For a time, I shopped Anna & Otto to publishers in New York and received positive response (but no offers). One editor compared the novel’s emphasis on language to the wordplay found in The Phantom Tollbooth by Norton Juster — a book (shame on me) that I had never read.

That day, I visited my local Border’s (RIP) and purchased a copy of The Phantom Tollbooth, a novel first published in 1961. I went home and read the book in one giant gulp — a huge smile on my face the whole time.

Excerpt from The Phantom Tollbooth: “In this box are all the words I know…Most of them you will never need, some you will use constantly, but with them you may ask all the questions which have never been answered and answer all the questions which have never been asked.
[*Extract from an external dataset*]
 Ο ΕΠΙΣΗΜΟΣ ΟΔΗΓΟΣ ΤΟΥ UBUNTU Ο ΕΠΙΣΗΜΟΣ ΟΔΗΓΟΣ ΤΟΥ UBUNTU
All the great books of the past and all the ones yet to come are made with these words. With them there is no obstacle you cannot overcome. All you must learn to do is to use them well and in the right places.” 

The book’s jacket copy advises, “Readers of all ages will find much wit and wisdom in Norton Juster’s beguiling, offbeat fantasy about a boy named Milo…[who] meets some of the most logically illogical characters ever met on this side or that side of reality, including King Azaz the Unabridged, unhappy ruler of Dictionopolis.”

The New York Times gave The Phantom Tollbooth a rave, noting: “Most books advertised for ‘readers of all ages’ fail to keep their promise. But Norton Juster’s amazing fantasy has something wonderful for anybody old enough to relish the allegorical wisdom of Alice in Wonderland and the pointed whimsy of The Wizard of Oz.” 

Now whenever I see a copy of The Phantom Tollbooth in one of my used-book haunts, I snap it up — and pass it  on to someone I know would love this marvel of a book. (I’ll admit that I don’t often find The Phantom Tollbooth at thrift stores — people hang onto their copies of this brilliant novel.) Highly recommended! A Must Read!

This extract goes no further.